Sixth Circuit Vacates Withdrawal Liability Award for Redetermination of Interest Rate and Assessment of Partial-Withdrawal Liability

Sofco Erectors, Inc. v. Trustees of Ohio Operating Engineers Pension Fund, No. 20-3639, __F.4th__, 2021 WL 4434226 (6th Cir. Sept. 28, 2021) is a dispute involving the payment of withdrawal liability to a multiemployer pension plan under ERISA. After Sofco Erectors, Inc. terminated its collective bargaining agreement with a local union, the Ohio Operating Engineers Pension Fund (“Fund”) assessed over $800,000 in withdrawal liability against Sofco. Sofco challenged the assessment in arbitration, and the arbitrator upheld the assessment. The district court confirmed in part and reversed in part. The Sixth Circuit affirmed in part, reversed in part, and vacated in part.

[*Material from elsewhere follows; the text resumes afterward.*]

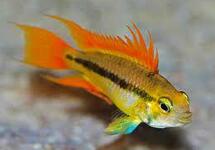 Apist. Cacatuoides Orange med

The court decided several issues. First, the court held that the interest rate assumption the Fund used to calculate withdrawal liability was in error. The Fund’s actuary used a 7.25% growth rate on assets for minimum funding purposes but used the “Segal Blend” for withdrawal liability purposes. The Segal Blend takes the interest rate for minimum funding purposes and blends it with the PBGC’s published interest rates on annuities. The arbitrator upheld the use of the Segal Blend because it was reasonable. The Sixth Circuit disagreed. It found that use of the Segal Blend for withdrawal liability calculations violates 29 U.S.C. § 1393(a)(1) because it is not “the actuary’s best estimate of anticipated experience under the plan.”

Second, the court vacated the district court’s decision upholding the arbitrator’s decision which upheld the Fund’s actuary’s assessment of partial-withdrawal liability because the district court erred by relying on the § 1401(a)(3)(A) presumption to uphold the Fund’s determination. The court remanded for further proceedings on the legal question of what constitutes an “insubstantial portion.”

Third, the court found that the district court did not err by concluding that the Fund properly included forklift work in the withdrawal liability calculation because the CBA clearly establishes Local 18’s jurisdiction over forklift work and Softco’s obligations to contribute to the Fund for that work. But the district court erred in vacating the arbitrator’s determination that Sofco is liable for “shop work” since the CBA covers maintenance and repair work.

Fourth, the court found that the district court did not err when it upheld the arbitrator’s decision to include Old Sofco’s contribution history in its withdrawal liability calculation. “Sofco argues that this was error because when Sofco purchased Old Sofco’s assets in an arm’s-length transaction in 2004, it became a new, independent entity and did not assume any of Old Sofco’s liabilities.” The district court did not abuse its discretion when it applied the successor liability doctrine to the withdrawal liability calculation.

Lastly, the district court did not abuse its discretion in denying fees to both parties under 29 U.S.C. § 1451(e). “[T]his case involved complicated legal questions without clear answers. Each party prevailed on some issues. There is no evidence of bad faith from either party. Sofco was fully justified in exercising its right to challenge the Fund’s withdrawal-liability determination, as was the Fund in defending it. And neither parties’ positions were frivolous.”